**TRY IT**
All of the lines below are to be transcribed faithfully, with pictures excluded from the copy.

Start of INFORMATION SHOWN

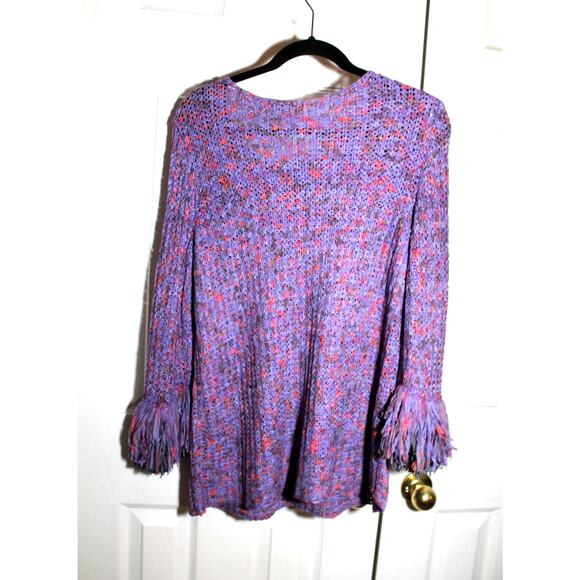 Zozo Variegated Purple/Pink Fringed Cuff Crocheted Sweater sz M - Picture 2 of 3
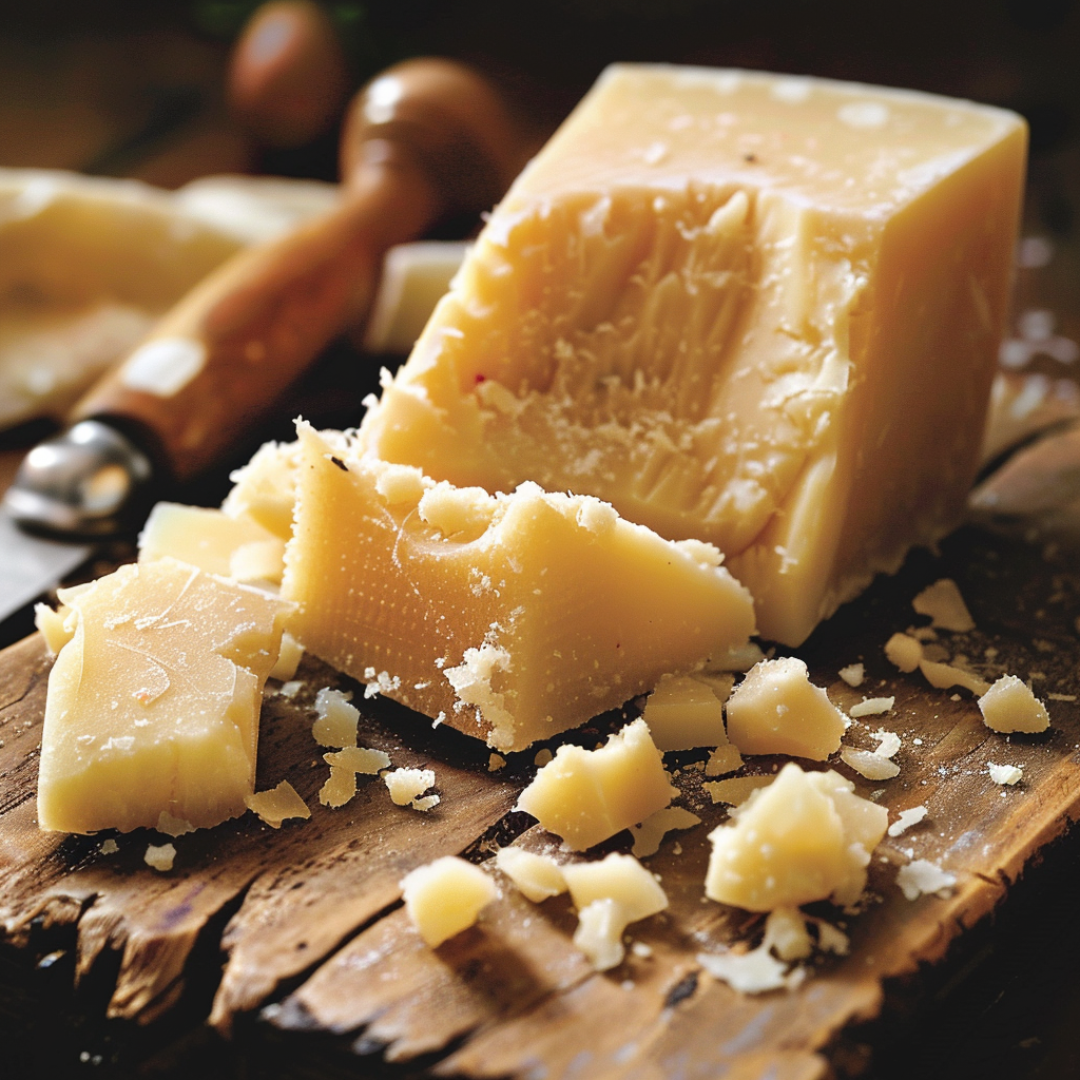 Аппетитные ломтики и крошки пармезана, крупный план на сырной доске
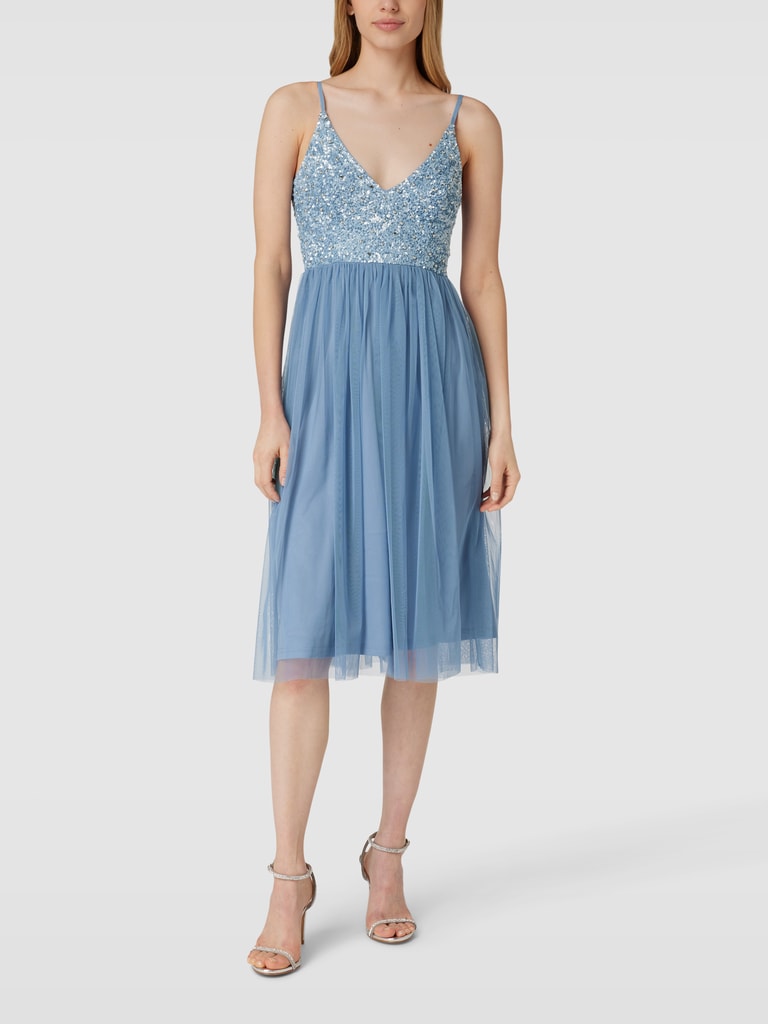 55188 Beaded Plunging Fitted Cocktail Dress main image 1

End of INFORMATION SHOWN

**RESPONSE AREA**
 Zozo Variegated Purple/Pink Fringed Cuff Crocheted Sweater sz M - Picture 2 of 3
 Аппетитные ломтики и крошки пармезана, крупный план на сырной доске
 55188 Beaded Plunging Fitted Cocktail Dress main image 1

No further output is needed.